* **Extracted data**:

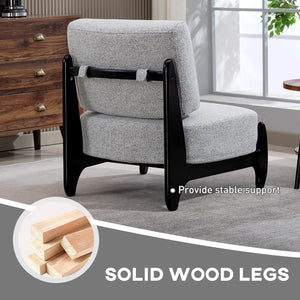 Fauteuil d'appoint avec structure en bois d'hévéa, assise large, gris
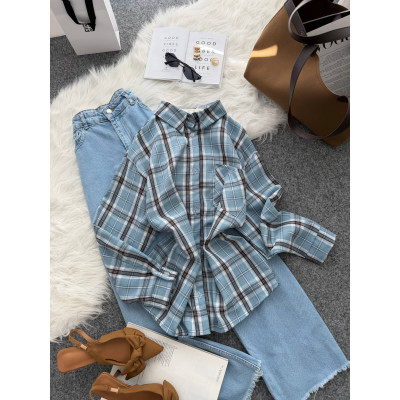 Піжама FlannelMood Мокко/Рожевий/Блакитний — м’яка фланель, стильний триколірний дизайн і комфорт для сну
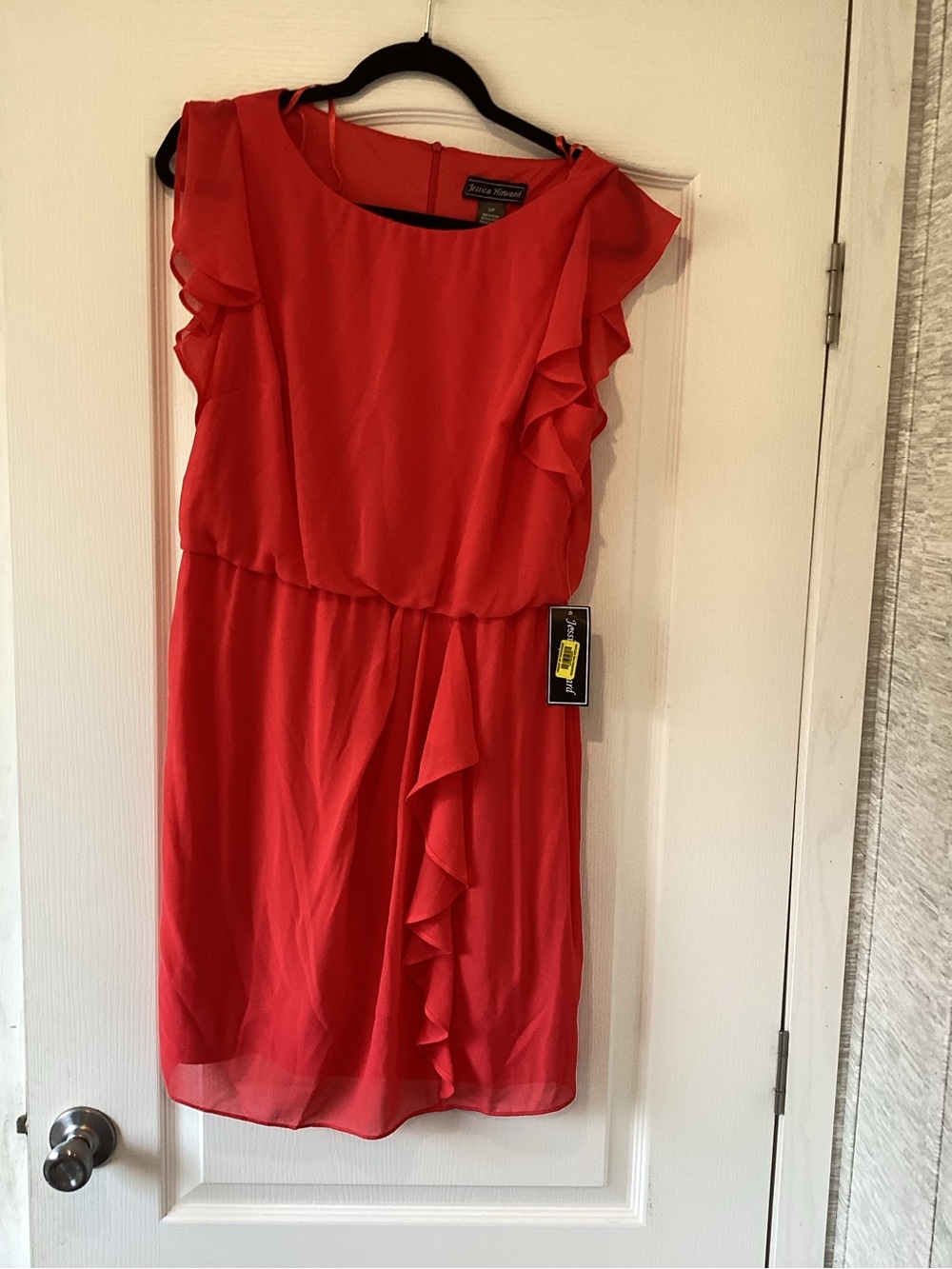 Jessica Howard Coral-Red Ruffle Midi Dress 12P BNWT
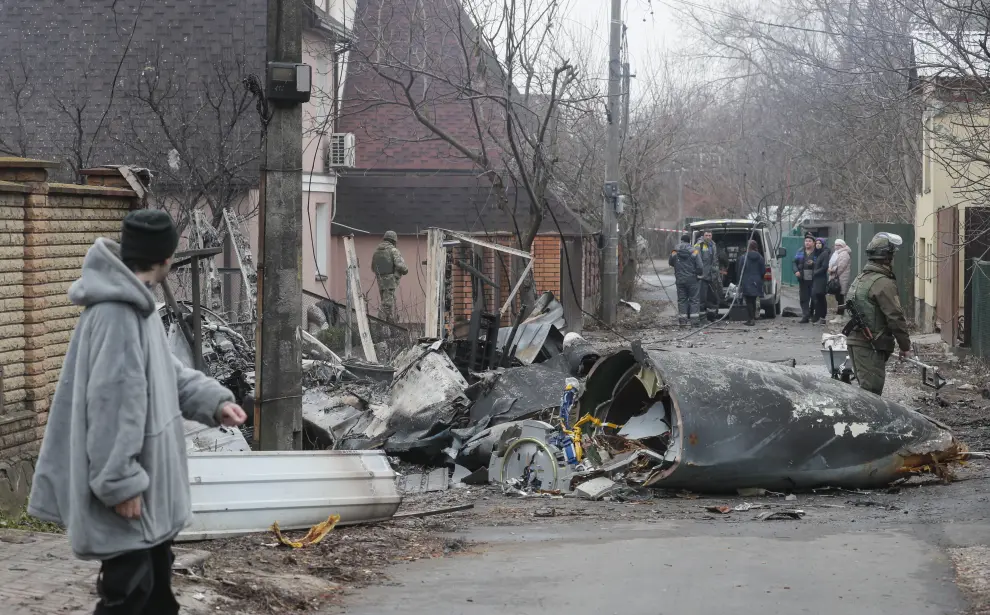 Aftermath of military plane downing in Kiev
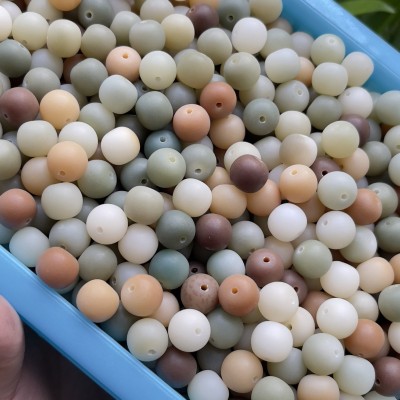 胖苹果原生态多宝菩提根散珠批发缅甸老料磨砂干磨浅色奶花皮玉化 1000颗图2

* **What you will do**: Only the lines from the one with "Jessica Howard Coral-Red" through the final line of the data should be written out, exactly and including both ends. Skip the pictures.

* **Exercise result**:
 Jessica Howard Coral-Red Ruffle Midi Dress 12P BNWT
 Aftermath of military plane downing in Kiev
 胖苹果原生态多宝菩提根散珠批发缅甸老料磨砂干磨浅色奶花皮玉化 1000颗图2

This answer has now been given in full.